Depuis Berlin, Xavier Bihan participe activement au rayonnement de la langue française. Ce professeur de français, pugnace et tourné vers l’autre, est à la tête de nombreux projets éducatifs à la Humboldt Universität. Fils d’enseignants, il est le lauréat du Trophée éducation des Français de l'Europe. Retour sur son parcours.
« Quand on arrive dans un pays étranger, même pour travailler, on a l’impression d’être en vacances.» Traversé par cette pensée rêveuse, Xavier s’installe en terre allemande en 1987. Il vient tout juste de décrocher un poste d’assistant dans un lycée de Berlin Ouest. « Quand je suis arrivé, il y avait une telle soif d’apprentissage, une telle joie de voir un professeur français. Pour les étudiants, c’était une chance inestimable. » L’enseignant se remémore : « Les premières années, il y avait peu de moyens, donc je rapatriais des vieux dictionnaires de France. »
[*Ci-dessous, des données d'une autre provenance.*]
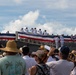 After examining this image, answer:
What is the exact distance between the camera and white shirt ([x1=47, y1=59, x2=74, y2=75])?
8047mm

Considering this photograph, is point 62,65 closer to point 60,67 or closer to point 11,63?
point 60,67

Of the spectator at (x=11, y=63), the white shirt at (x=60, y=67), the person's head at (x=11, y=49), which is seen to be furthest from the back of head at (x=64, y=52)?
the person's head at (x=11, y=49)

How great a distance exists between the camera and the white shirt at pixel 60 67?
8047 millimetres

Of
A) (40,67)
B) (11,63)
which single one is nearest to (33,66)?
(40,67)

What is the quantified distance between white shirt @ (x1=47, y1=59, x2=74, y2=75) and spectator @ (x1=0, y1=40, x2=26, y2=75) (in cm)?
73

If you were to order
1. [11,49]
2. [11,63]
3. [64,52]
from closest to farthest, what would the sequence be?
[11,63] → [11,49] → [64,52]

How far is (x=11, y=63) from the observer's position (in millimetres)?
7262

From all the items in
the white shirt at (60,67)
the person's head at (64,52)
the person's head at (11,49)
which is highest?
the person's head at (11,49)

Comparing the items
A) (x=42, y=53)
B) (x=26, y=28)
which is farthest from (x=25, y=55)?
(x=26, y=28)

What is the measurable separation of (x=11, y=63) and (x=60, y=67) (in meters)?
1.24

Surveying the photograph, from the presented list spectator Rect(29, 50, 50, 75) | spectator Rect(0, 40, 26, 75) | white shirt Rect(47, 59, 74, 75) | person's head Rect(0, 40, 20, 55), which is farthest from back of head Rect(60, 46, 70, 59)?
person's head Rect(0, 40, 20, 55)

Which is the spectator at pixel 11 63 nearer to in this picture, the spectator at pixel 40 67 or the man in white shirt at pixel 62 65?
the spectator at pixel 40 67

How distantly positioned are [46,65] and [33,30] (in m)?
34.0

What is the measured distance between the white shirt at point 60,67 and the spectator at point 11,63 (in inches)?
28.8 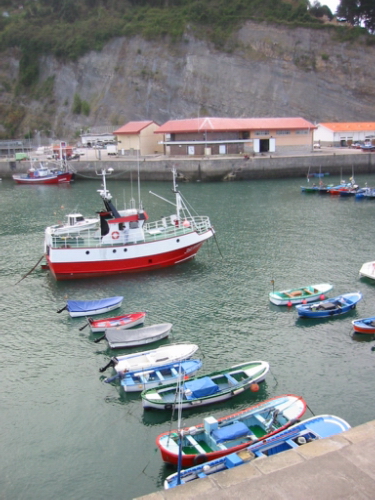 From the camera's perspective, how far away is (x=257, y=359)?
18.3m

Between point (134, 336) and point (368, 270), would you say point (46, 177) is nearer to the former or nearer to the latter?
point (368, 270)

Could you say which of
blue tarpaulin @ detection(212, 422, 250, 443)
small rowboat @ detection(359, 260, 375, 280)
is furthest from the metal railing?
blue tarpaulin @ detection(212, 422, 250, 443)

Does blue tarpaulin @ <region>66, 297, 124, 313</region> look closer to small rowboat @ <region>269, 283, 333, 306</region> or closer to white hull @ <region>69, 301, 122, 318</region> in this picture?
white hull @ <region>69, 301, 122, 318</region>

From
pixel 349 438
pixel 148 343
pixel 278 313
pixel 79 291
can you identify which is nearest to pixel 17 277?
pixel 79 291

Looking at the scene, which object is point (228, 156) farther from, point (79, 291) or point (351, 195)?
point (79, 291)

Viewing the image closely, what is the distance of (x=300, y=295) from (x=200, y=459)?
40.2 feet

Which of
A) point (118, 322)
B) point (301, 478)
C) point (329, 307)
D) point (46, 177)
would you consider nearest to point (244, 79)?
point (46, 177)

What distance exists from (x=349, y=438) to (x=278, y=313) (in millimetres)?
13804

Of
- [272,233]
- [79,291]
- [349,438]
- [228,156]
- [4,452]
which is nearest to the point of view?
[349,438]

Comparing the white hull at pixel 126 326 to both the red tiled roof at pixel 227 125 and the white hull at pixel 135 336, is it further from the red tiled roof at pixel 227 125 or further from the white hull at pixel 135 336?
the red tiled roof at pixel 227 125

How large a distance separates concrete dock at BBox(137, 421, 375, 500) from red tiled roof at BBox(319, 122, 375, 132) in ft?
250

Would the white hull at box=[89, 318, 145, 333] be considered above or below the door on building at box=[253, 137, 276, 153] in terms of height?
below

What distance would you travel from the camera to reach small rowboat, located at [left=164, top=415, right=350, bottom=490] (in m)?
11.8

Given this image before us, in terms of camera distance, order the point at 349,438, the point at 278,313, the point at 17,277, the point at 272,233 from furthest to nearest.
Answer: the point at 272,233 → the point at 17,277 → the point at 278,313 → the point at 349,438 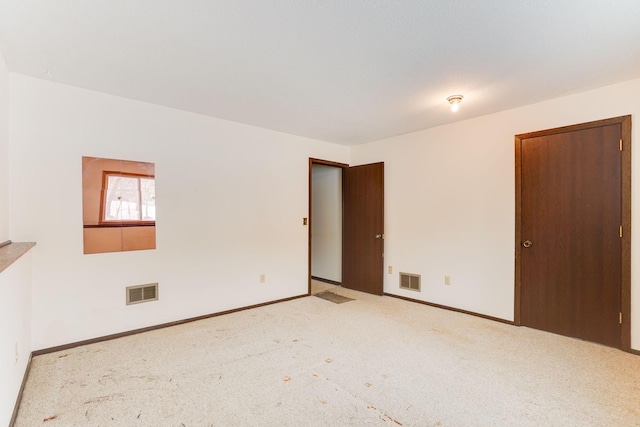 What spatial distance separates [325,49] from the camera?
7.11 feet

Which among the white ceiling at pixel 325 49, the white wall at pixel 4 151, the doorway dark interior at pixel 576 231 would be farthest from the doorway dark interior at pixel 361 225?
the white wall at pixel 4 151

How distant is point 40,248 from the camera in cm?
265

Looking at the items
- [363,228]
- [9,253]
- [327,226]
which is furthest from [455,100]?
[9,253]

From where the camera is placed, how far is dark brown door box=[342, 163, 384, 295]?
15.5ft

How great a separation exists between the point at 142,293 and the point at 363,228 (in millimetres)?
3139

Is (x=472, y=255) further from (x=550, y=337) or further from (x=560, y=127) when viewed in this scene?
(x=560, y=127)

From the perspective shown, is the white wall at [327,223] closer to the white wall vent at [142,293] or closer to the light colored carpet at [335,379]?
the light colored carpet at [335,379]

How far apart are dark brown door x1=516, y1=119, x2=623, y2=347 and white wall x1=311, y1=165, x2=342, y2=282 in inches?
109

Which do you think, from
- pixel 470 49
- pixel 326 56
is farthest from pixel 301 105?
pixel 470 49

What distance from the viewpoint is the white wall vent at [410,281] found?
14.2 ft

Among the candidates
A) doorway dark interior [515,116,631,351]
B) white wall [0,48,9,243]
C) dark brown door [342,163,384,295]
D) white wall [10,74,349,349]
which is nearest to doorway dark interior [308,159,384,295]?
dark brown door [342,163,384,295]

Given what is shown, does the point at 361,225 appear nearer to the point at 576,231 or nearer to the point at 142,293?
the point at 576,231

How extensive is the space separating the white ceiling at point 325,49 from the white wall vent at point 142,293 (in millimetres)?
1913

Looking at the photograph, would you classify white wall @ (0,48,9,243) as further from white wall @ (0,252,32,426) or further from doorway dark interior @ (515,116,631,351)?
doorway dark interior @ (515,116,631,351) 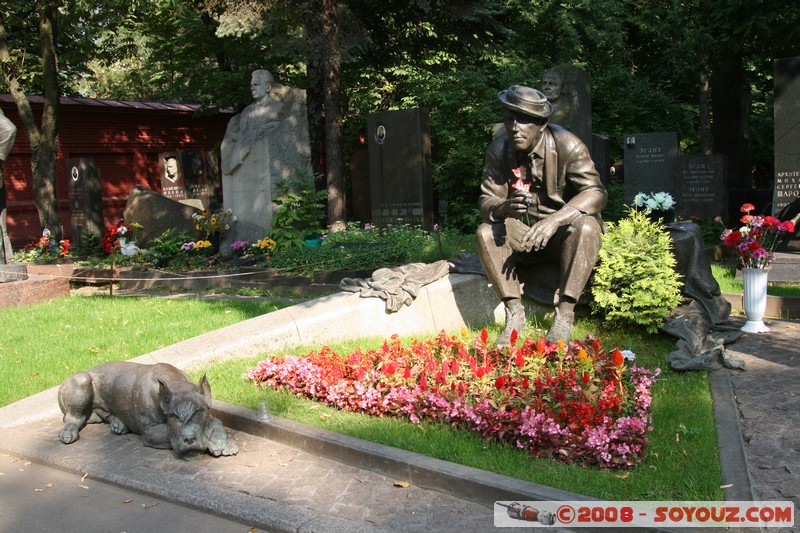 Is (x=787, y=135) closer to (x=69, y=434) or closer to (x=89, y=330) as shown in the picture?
(x=89, y=330)

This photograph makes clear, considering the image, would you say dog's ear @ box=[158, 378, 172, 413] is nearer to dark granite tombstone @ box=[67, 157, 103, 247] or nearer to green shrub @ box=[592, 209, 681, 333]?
green shrub @ box=[592, 209, 681, 333]

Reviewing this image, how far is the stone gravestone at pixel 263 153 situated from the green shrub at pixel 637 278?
9.52 meters

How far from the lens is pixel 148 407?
525 centimetres

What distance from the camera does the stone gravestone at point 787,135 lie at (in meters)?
11.7

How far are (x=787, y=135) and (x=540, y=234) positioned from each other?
7.63m

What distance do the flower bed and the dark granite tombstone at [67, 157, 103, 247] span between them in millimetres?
14098

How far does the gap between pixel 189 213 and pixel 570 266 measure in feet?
38.8

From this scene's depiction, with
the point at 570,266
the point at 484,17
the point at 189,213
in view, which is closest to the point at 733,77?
the point at 484,17

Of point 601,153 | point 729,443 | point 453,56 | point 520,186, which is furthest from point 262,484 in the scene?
point 453,56

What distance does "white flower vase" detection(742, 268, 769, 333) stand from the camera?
6.87m

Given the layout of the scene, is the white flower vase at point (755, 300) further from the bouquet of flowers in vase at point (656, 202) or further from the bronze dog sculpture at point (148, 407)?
the bouquet of flowers in vase at point (656, 202)

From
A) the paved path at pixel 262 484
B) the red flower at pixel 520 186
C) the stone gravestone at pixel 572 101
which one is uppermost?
the stone gravestone at pixel 572 101

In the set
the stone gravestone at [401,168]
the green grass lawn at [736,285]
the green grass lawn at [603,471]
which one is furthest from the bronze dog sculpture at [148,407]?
the stone gravestone at [401,168]

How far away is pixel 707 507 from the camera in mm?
3605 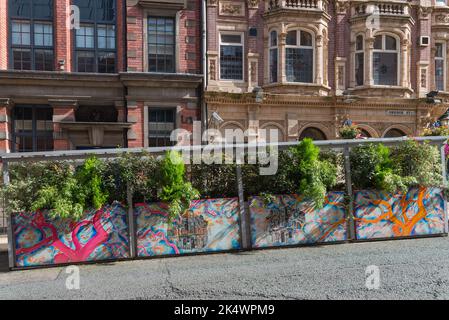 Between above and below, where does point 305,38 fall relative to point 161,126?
above

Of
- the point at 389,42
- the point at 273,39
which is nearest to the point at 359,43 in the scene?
the point at 389,42

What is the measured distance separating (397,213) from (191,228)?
5079mm

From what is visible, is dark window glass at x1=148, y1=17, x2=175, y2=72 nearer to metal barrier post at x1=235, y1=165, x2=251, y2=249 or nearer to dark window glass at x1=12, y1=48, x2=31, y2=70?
dark window glass at x1=12, y1=48, x2=31, y2=70

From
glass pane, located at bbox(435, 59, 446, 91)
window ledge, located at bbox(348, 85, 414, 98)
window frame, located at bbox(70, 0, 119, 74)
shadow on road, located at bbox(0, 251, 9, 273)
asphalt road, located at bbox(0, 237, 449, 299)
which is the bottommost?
shadow on road, located at bbox(0, 251, 9, 273)

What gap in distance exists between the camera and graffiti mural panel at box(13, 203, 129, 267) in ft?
23.3

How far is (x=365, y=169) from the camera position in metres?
8.28

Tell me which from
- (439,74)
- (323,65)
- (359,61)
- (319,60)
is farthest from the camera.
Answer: (439,74)

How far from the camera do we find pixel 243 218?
26.0 ft

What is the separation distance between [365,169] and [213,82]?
891 centimetres

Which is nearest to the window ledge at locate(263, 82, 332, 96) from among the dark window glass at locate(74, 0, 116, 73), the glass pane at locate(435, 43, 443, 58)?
the glass pane at locate(435, 43, 443, 58)

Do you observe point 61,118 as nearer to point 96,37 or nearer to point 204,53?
point 96,37

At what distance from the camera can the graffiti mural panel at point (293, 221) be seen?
7922 mm

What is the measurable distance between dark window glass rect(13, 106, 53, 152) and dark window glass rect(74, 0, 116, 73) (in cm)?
258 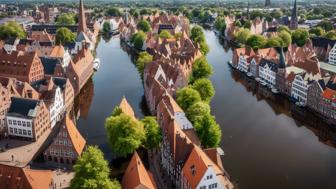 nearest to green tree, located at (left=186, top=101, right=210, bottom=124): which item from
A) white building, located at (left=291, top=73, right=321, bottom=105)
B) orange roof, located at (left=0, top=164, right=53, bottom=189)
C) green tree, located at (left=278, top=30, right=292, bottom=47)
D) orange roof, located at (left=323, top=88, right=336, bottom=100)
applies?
orange roof, located at (left=0, top=164, right=53, bottom=189)

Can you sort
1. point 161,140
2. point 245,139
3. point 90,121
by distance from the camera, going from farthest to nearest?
point 90,121, point 245,139, point 161,140

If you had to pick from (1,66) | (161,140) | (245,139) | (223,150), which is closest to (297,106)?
(245,139)

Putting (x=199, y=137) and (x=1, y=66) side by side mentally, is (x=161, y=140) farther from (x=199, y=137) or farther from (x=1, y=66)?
(x=1, y=66)

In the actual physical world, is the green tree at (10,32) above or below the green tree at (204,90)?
above

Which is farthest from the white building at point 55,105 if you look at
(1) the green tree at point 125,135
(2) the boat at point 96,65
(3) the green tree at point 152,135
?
(2) the boat at point 96,65

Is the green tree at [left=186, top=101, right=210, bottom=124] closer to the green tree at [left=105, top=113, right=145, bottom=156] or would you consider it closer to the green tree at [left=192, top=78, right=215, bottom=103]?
the green tree at [left=105, top=113, right=145, bottom=156]

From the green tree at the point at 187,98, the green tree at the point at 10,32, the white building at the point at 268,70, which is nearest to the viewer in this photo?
the green tree at the point at 187,98

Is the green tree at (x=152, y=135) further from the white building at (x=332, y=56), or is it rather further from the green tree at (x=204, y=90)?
the white building at (x=332, y=56) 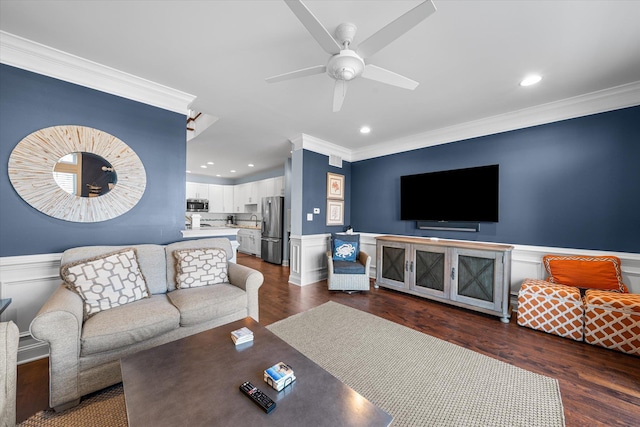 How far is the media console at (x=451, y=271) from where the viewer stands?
9.46 ft

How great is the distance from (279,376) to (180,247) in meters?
1.96

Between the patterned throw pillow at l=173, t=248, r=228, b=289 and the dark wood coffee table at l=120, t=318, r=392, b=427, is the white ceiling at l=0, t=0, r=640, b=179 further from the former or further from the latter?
the dark wood coffee table at l=120, t=318, r=392, b=427

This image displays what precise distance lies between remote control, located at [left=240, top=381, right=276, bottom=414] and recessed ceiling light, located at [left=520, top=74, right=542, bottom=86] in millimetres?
3448

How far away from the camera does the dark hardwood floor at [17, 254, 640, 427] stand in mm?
1568

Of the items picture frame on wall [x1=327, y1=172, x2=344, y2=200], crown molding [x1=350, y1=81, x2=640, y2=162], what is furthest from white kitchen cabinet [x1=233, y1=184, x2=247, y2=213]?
crown molding [x1=350, y1=81, x2=640, y2=162]

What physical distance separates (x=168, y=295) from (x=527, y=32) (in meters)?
3.70

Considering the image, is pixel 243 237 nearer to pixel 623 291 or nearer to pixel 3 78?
pixel 3 78

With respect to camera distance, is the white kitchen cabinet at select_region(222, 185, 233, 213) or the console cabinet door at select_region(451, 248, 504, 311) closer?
the console cabinet door at select_region(451, 248, 504, 311)

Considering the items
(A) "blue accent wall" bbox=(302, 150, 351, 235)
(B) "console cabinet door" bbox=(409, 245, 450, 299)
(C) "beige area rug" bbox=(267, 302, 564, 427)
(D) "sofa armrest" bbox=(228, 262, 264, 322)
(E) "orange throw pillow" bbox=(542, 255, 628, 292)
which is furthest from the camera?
(A) "blue accent wall" bbox=(302, 150, 351, 235)

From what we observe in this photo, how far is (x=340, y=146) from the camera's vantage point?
15.8 feet

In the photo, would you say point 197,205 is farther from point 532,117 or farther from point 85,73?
point 532,117

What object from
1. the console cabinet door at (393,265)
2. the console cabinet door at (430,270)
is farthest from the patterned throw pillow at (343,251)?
the console cabinet door at (430,270)

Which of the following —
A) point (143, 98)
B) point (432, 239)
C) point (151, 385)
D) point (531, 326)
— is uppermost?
point (143, 98)

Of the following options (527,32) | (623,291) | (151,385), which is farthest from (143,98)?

Tout juste sorti d’un cursus de langues étrangères appliquées, le jeune homme de 23 ans, féru de la linguistique, tombe rapidement sous le charme de la vie berlinoise, « vivante et attachante. Ce qui me plaisait le plus, c’était le caractère insulaire de la ville. Nous étions coupés de tout. Isolés. Il fallait trouver des solutions pour se divertir, pour vivre. » Aujourd’hui, cela fait plus de 30 ans qu’il est immergé dans la culture berlinoise.
La première plateforme numérique européenne destinée aux langues
En parallèle de son poste d’assistant, cet originaire de l’île de Groix débute des travaux de traducteur et d’interprète freelance. Peu de temps après, il est convoqué pour son service militaire. « J’ai d’abord été affecté à l’infanterie en tant que grenadier. Mais bon, la perspective de me faire rouler dessus par des chars d’assaut ne me tentait pas plus que ça, » livre-t-il en souriant. Le jeune expatrié parvient alors à se faire enrôler comme interprète au cabinet du général François Cann.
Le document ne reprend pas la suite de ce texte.